最近読み始めた(汗)『西洋美術の歴史-ルネサンスⅡ-北方の覚醒、自意識と自然表現』(中央公論新社)もようやく後半へと読み進んでいる。
その中で、ヒエロニムス・ボスに関する興味深い説(L.J.Slatkes,"Hieronymus Bosch and Italy",The Art Blletin,57,1975,pp335-345)が紹介されていた。ボスが1499~1503年の間にイタリアに旅し、ヴェネツィアでレオナルド・ダ・ヴィンチに会った(?!)説である
確かに魅力的な説だが(まるで小説のよう)、この本の北澤洋子先生は否定的見解である。例えば、《十字架を担うキリスト》(ヘント美術館)や《ピラトの前のキリスト》(プリンストン大学美術館)はレオナルドのグロテスク顔素描を想起させるが、グロテスク顔は16世紀の10~20年代には模写や版画によってネーデルラントに流通していたらしいし...。

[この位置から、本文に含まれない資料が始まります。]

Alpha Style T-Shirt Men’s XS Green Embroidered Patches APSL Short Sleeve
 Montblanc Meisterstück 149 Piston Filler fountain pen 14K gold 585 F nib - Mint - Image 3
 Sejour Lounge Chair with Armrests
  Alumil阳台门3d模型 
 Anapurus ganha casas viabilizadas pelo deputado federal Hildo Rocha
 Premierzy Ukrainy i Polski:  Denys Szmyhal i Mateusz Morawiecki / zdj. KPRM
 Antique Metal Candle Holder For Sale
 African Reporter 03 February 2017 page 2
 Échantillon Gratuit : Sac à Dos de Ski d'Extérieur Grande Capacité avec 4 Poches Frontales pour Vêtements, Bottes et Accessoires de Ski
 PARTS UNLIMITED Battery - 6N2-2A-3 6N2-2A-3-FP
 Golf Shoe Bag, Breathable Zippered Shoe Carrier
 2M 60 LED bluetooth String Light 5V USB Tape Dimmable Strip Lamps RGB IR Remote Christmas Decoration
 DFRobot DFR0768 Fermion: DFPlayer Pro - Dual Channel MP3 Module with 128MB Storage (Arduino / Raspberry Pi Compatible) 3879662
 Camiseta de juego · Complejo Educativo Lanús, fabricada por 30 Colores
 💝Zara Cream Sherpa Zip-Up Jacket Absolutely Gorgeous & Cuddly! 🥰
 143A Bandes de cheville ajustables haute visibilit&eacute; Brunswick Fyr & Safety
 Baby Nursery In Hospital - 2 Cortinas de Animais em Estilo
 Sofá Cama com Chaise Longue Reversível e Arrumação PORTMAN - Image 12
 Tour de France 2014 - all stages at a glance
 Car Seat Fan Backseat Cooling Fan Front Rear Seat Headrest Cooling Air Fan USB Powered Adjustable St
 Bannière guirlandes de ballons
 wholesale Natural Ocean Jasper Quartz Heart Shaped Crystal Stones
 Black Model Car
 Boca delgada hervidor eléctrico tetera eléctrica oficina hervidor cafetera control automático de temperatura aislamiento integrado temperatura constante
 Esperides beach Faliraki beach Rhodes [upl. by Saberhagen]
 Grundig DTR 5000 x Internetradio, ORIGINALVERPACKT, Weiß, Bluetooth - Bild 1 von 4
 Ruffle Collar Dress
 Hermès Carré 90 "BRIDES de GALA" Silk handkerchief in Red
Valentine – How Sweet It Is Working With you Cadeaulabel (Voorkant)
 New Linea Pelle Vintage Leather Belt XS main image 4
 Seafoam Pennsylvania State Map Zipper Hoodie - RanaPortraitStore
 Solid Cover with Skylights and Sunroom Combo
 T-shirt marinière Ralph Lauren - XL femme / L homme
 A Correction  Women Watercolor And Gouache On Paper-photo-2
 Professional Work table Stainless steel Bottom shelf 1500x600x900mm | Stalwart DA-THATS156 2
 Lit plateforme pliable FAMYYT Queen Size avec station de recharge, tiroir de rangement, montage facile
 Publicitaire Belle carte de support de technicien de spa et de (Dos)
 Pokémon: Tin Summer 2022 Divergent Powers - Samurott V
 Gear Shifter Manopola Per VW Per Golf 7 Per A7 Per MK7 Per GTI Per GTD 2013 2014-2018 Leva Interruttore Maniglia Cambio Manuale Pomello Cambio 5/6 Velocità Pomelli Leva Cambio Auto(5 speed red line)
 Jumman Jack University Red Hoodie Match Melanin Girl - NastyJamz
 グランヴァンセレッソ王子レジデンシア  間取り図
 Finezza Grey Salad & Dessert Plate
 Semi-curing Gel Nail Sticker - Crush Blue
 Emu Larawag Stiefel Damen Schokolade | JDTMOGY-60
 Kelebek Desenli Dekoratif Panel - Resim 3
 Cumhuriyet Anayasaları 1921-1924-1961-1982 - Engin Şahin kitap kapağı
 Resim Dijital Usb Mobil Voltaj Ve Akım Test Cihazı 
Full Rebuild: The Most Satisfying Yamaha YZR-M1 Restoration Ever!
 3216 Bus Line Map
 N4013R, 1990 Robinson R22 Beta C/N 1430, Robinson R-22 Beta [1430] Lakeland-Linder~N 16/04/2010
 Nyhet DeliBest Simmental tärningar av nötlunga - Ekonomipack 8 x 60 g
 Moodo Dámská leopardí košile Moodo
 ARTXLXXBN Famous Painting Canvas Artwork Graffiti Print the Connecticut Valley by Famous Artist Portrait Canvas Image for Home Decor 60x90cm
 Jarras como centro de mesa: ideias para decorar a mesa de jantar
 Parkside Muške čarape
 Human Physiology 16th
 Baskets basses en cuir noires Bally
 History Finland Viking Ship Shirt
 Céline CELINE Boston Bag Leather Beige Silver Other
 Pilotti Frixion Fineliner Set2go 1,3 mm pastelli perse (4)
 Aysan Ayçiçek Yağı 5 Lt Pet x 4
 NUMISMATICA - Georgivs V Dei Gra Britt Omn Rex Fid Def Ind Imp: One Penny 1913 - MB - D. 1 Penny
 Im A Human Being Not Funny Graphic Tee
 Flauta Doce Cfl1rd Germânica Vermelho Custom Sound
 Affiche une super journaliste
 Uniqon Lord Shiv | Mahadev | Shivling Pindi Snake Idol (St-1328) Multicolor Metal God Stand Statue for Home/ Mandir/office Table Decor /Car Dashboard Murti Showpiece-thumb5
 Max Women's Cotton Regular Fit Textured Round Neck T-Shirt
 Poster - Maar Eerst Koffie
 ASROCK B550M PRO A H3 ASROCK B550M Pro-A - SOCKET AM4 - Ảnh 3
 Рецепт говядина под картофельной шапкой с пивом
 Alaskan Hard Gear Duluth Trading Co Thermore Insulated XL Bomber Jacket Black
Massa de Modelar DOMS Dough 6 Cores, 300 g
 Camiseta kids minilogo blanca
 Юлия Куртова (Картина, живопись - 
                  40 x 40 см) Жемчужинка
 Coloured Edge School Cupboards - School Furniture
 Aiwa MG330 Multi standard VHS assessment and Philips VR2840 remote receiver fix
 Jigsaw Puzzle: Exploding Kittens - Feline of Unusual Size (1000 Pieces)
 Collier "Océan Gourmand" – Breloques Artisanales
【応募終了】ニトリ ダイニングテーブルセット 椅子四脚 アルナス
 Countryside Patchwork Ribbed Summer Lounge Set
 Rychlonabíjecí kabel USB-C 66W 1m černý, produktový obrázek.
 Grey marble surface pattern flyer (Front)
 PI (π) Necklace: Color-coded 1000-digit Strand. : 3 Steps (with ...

ということで...グロテスク顔を観ていたよなぁ...と
《十字架を担うキリスト》は当時ヘント市立美術館が休館中だったので、シント・バーフ教会地下での引っ越し展示で...。
ボス(追随者?)《十字架を担うキリスト》(1515-20年頃)ヘント市立美術館
https://commons.wikimedia.org/wiki/File:Jheronimus_Bosch_or_follower_001.jpg
そして、プリンストンで撮った写真もあったはずだと探したら...出てきた。
懐かしや...「プリンストン大学美術館」
ボス(追随者)《ピラトの前のキリスト》(1520年頃)プリンストン大学美術館
https://commons.wikimedia.org/wiki/File:Bosch_follower_Christ_Before_Pilate_(Princeton).jpg
で、今回改めて写真を見て気が付いた。ロヒール・ファン・デル・ウェイデン《十字架降下》と同じように唐草模様額縁(?)があることと、やはり窮屈な空間表現が見られることだ。ロヒールの場合はロベルト・カンピン工房で木彫刻の彩色を経験しているだろうから了解できるのだが、もしかしてこのボス(追随者)も木彫刻彩色の仕事をしていたのだろうか?? ボス真筆では無いとしても、初期ネーデルラント絵画の余韻を感じさせる面白い作品だと思うのだ。